No such luxury in the ARM world. Typically you can see multiple versions of drivers for the exacly same component in the Linux kernel source tree. Just because the ARM architecture has brought too many obstacles for developers to easily use the same driver for different boards. You can imagine - it is a total mess. Also typically those drivers do not enter into mainline kernel so there is again more work for phone makers to port drivers for the new kernel version. Also Android kernel has some differences to normal Linux kernel.
Correct me if I'am wrong, but in my understanding the Android HAL-interface is in the user space - not kernel space. The HAL-interface might change a lot between Android versions. But not only the interface has changed - also the kernel space interfaces - those on the top manufacturer have to implement the HAL-interfaces - have changed breaking the existing drivers the manufacturer has made.
But there is hope in the future. Developers of linaro.org have work in progress and already very good demonstrations of how this mess can be sorted out. But we are not there yet and the work is huge. It needs also some common standards and practices to be adopted by the ARM hardware makers.
See also: The Ugly State of ARM Support On Linux http://linux.slashdot.org/story/11/06/20/2039229/the-ugly-state-of-arm-support-on-linux
But this ARM-problem is not just related to Linux. Windows Phone 7 is currently working only on Qualcomm SoC, probably because Microsoft wants to keep things simple at this point. Apple has solved the problem by making its own hardware and SoC and probably standardized the hardware in house.
And how many of them were NOT T-mobile branded, but nevertheless capable of HSPA+?
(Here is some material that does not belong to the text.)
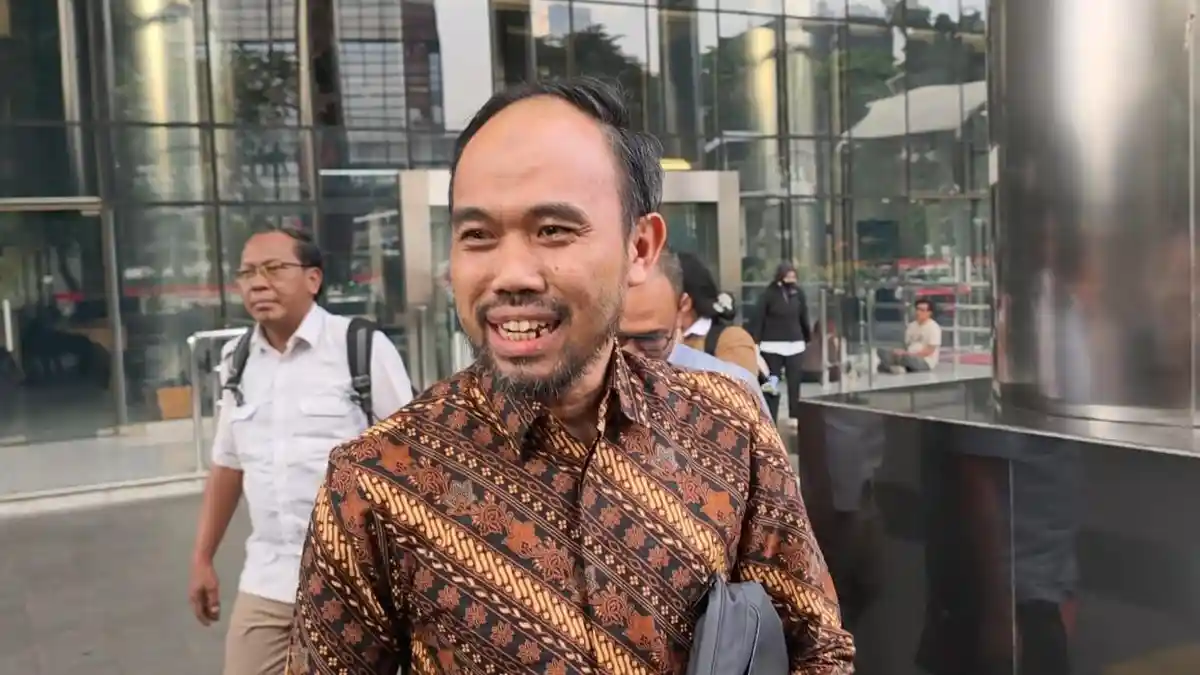 Pejabat Kementerian ESDM Tersenyum Usai Diperiksa KPK 6 Jam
The only non-Tmobile-branded phones I'm aware of that are capable being coaxed into doing 1700/2100 plain-vanilla (non-HSPA+) UMTS at all are Samsung's GSM Galaxy-S phones (AT&T Captivate & international i9000). I'm sure there are a few others, but they're rare. Likewise, most foreign phones can now limp along and do 1900MHz plain-vanilla UMTS on AT&T, but very few that can also do 850MHz UMTS. I don't think there are ANY non-AT&T-branded phones that can do HSUPA on AT&T.
As a practical matter, if you care about getting the fastest data speeds possible, America's two nominally-GSM networks are almost as de-facto proprietary as Sprint and Verizon. And the tragic punchline is that when AT&T, Verizon, and (now) Sprint roll out LTE, they're going to be equally incompatible with each other and everyone else on earth despite LTE nominally being a global standard.
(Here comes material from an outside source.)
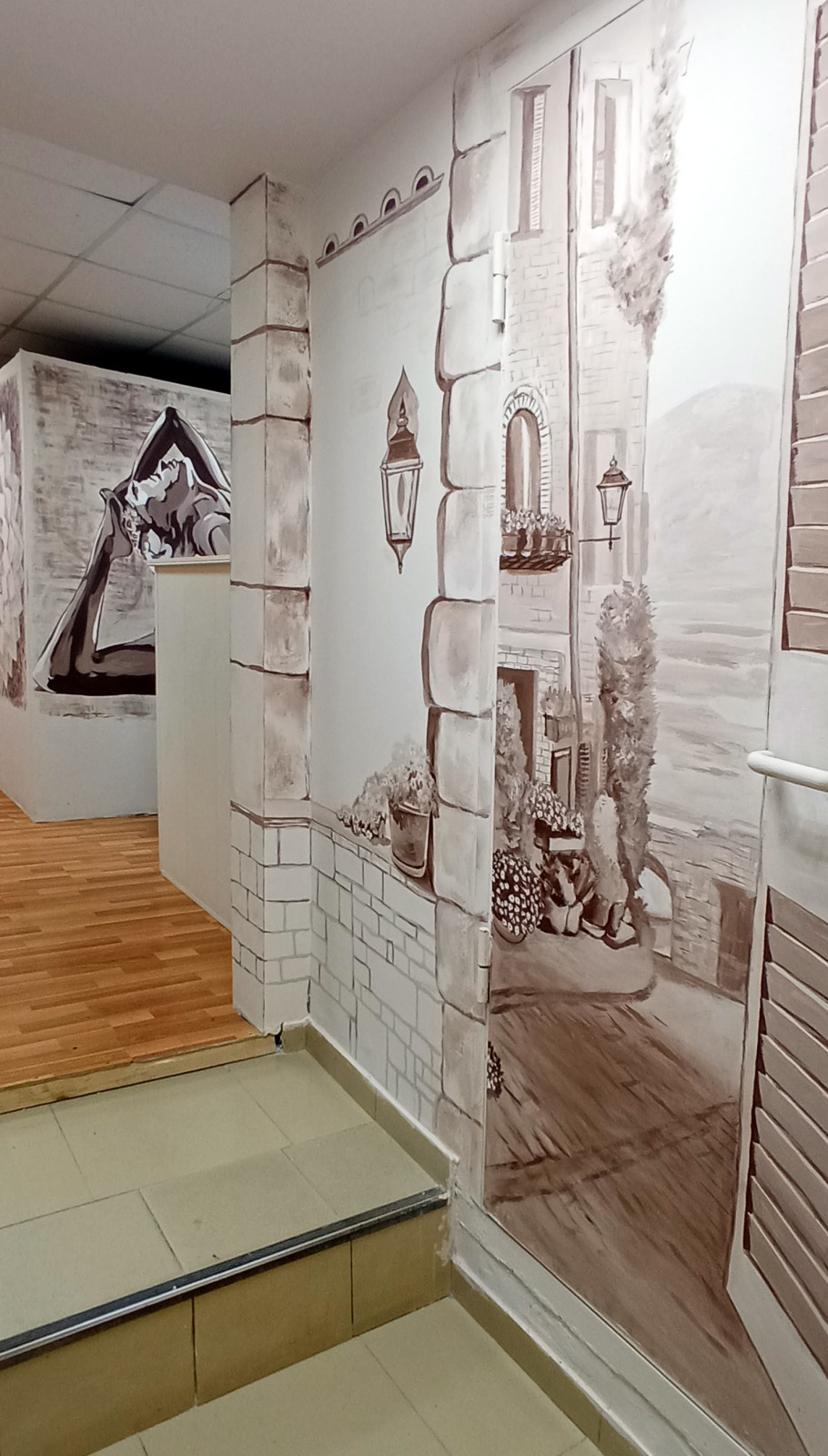 Роспись в интерьере "Центр массажа Браво"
Samsung have made zero attempt to lock down the system (which is why I buy their phones). Firmware for all variants of all Samsung phones released around the world are available at www.samfirmware.com. I remember when Gingerbread first came out of the Galaxy S it came out in the Netherlands. I flashed that firmware over my phone without problems. The carriers in Australia released their copies some SIX MONTHS LATER.
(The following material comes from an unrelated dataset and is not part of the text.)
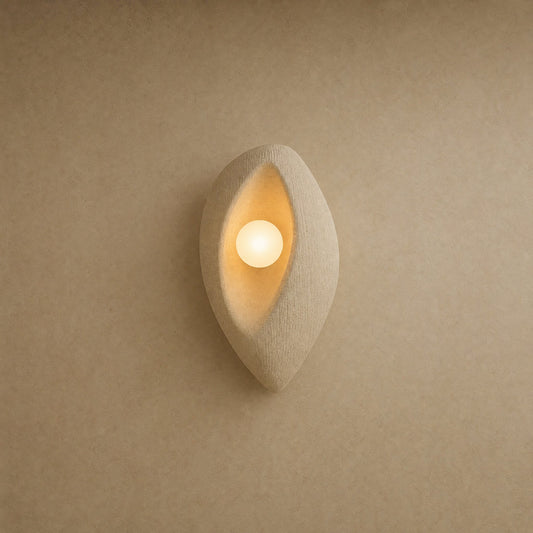 Savlin bedside wall light, ecru Petal shell 30 x 18 cm, lit | Wickleigh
The XDA-Dev page should give you a good indication of what Samsung phones are capable of and requires nothing more than downloading one of the two flashing utilities for Samsung phones. Personally I run a beta of IceCream Sandwich on my Galaxy S.
T-mobile will sell you just about any phone they have without a contract. You can then use the very sneaky loophole of calling them and telling them that you are going out of the country, they will try and sell you the international plan, decline saying you are only going out for a few days and you don't expect to go often and would just like to buy a pre-paid sim when you get there. They should give you the unlock code for your phone.
Also T-Mobile is one of the few where the monthly payment is less when you buy the phone outright.
All of the above was encrypted with a Quad ROT-13 method. Unauthorized decryption is in violation of the DMCA.